Improving soil carbon storage and stability plays an important role in the development of sustainable agricultural production and mitigating climate change. Earthworms are widely distributed in soil environments; earthworm mucus (EM) can interact with natural mineral materials to form EM–mineral association, enriching soil carbon storage. However, it is unclear how minerals affect the formation and oxidation degradation of EM–mineral associations. Herein, the interactions between EM and natural mineral materials (hematite ore (HO) and montmorillonite (MT)) were investigated. The carbon stability of EM–mineral associations was analyzed based on their chemical oxidative resistance. EM interacted with HO/MT through ligand exchange, hydrogen bonding interaction, and electrostatic attraction.
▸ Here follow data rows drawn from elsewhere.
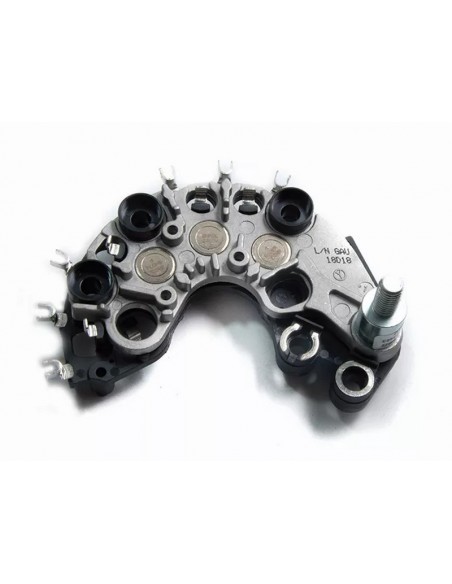 Plaqueta Rectificadora Vw Fox 1.0,1.6,golf 1.6,polo C/m Ea111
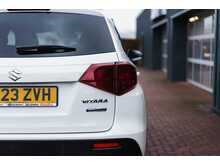 Suzuki Vitara Boosterjet MHEV SZ-T Manual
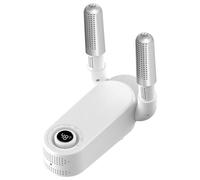 awakentti Sèche-bottes pour bottes de travail, sèche-chaussures avec souffleur thermique, contrôle intelligent de la température, circulation à 360 degrés, séchoir à chaussures domestique pour bottes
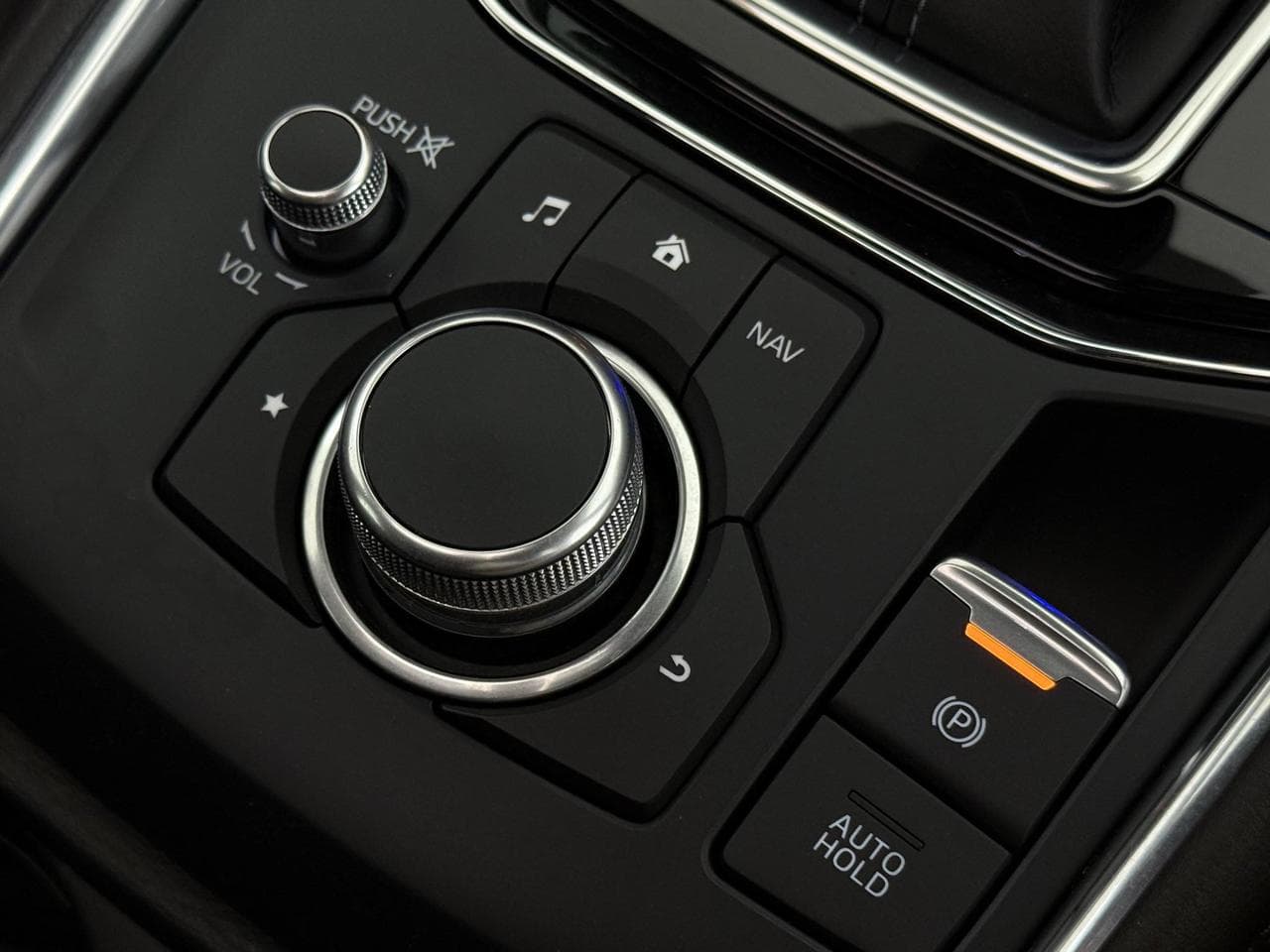 MAZDA CX-5 thumbnail Misc Controls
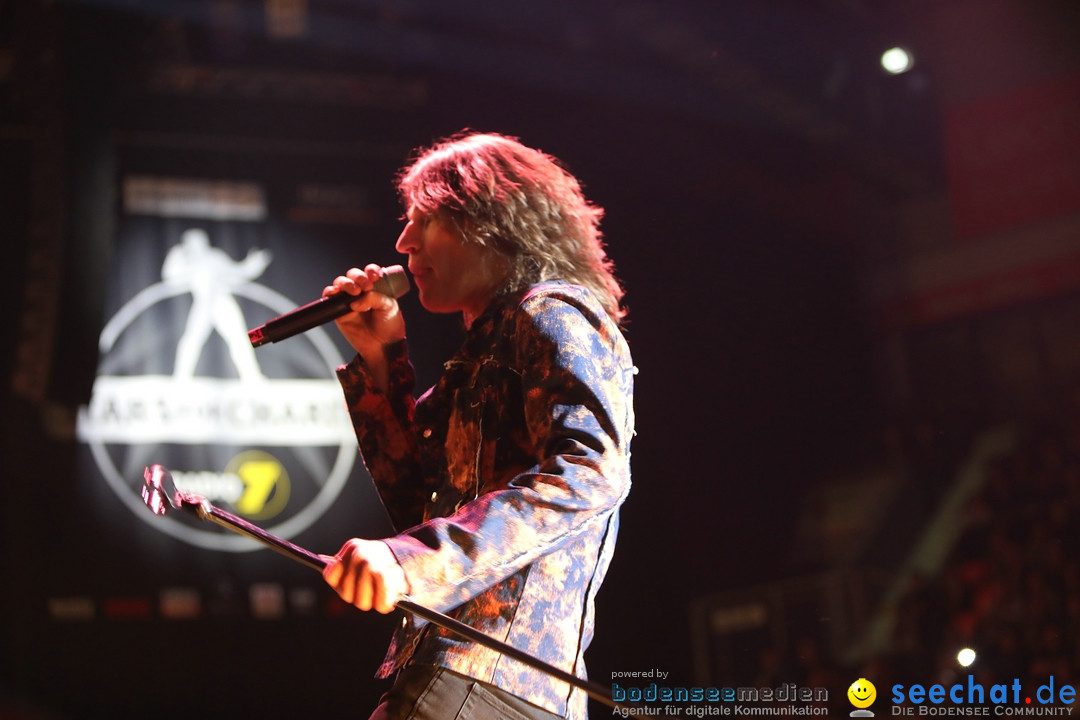 Stars for Charity Konzert - Radio7: ratiopharm arena Neu-Ulm, 30.11.2018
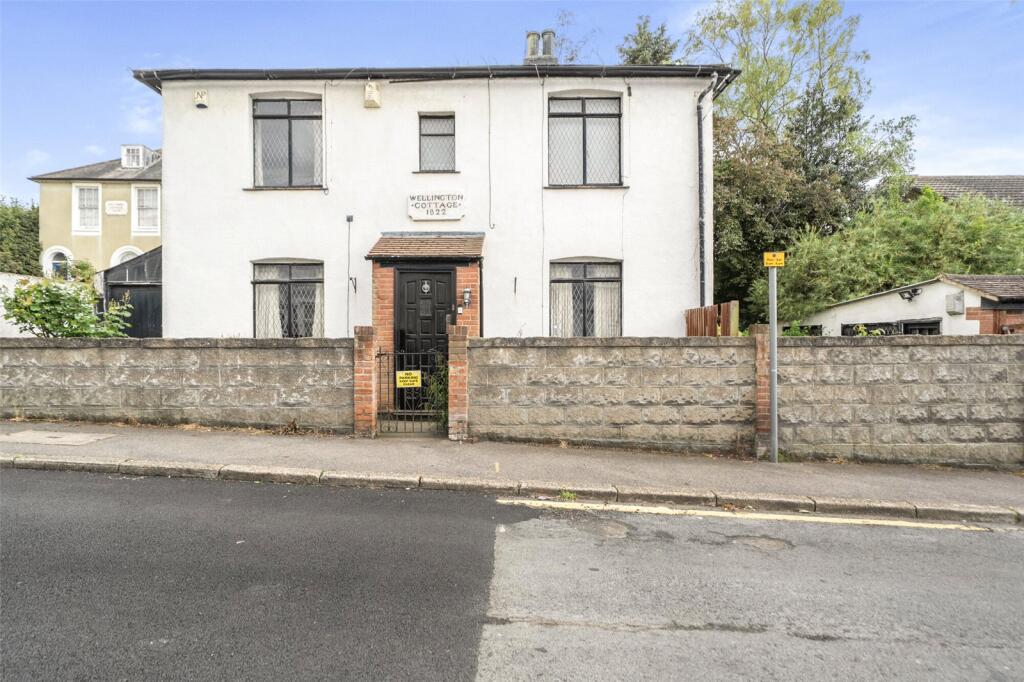 Main image of property: Wyles Street, Gillingham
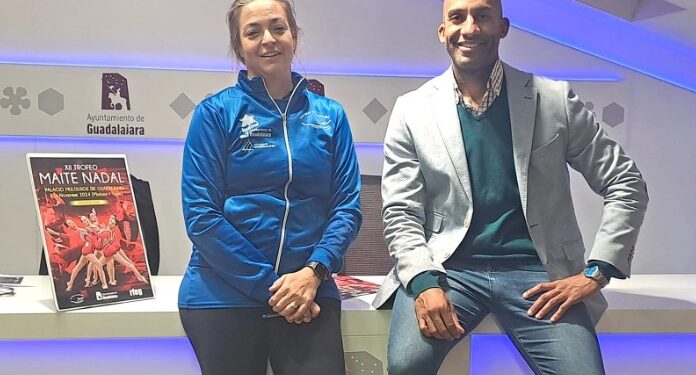 XII Trofeo Maite Nadal de Gimnasia Rítmica en Guadalajara: Más de 600 Gimnastas en Competición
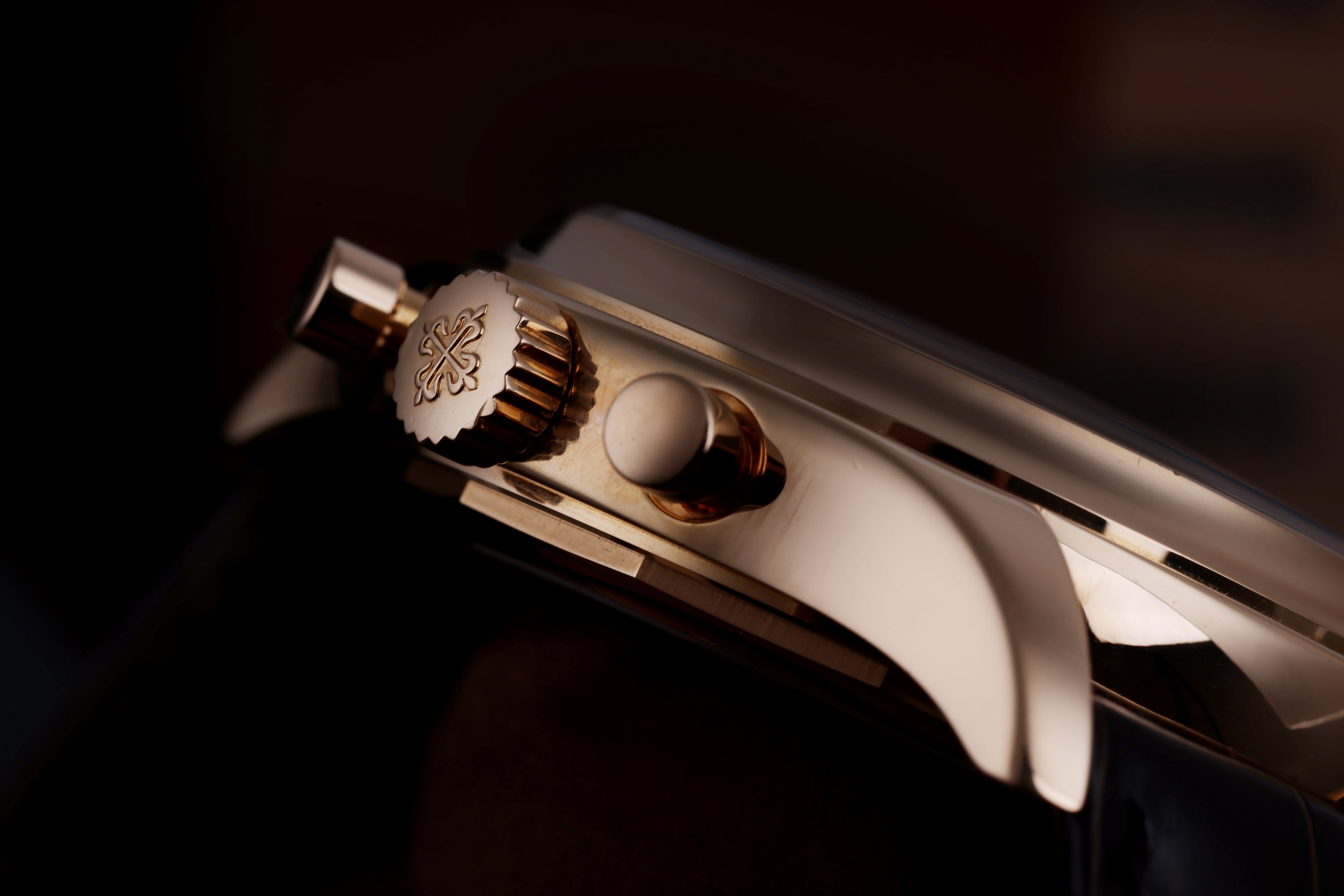 Patek Philippe Annual Calendar Chronograph | REF. 5960R-001 | 18k Rose Gold | 40mm | 2009 | Box & Papers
Compared to EM that was extracted under pH 5.0 (EM5) or 9.0 (EM9), EM obtained at pH7 (EM7) contained more protein and polysaccharide components, and was greatly adsorbed by HO/MT. Moreover, EM showed a stronger sorption affinity to MT than HO. The stronger oxidation resistance of EM–MT than EM–HO was revealed by its higher carbon retention, suggesting the vital role of MT in protecting biogenically excreted organic carbon from degradation. Earthworms in neutral environments could substantially promote the establishment of organo-mineral associations. This study provides guidance for promoting soil carbon sequestration through agricultural management and is beneficial to the sustainability of the soil.

Suggested Citation

  • Yuxuan Li & Siyue Feng & Lin Wang & Chencen Lei & Hongbo Peng & Xinhua He & Dandan Zhou & Fangfang Li, 2024. "Improvement and Stability of Soil Organic Carbon: The Effect of Earthworm Mucus Organo-Mineral Associations with Montmorillonite and Hematite," Sustainability, MDPI, vol. 16(13), pages 1-13, June.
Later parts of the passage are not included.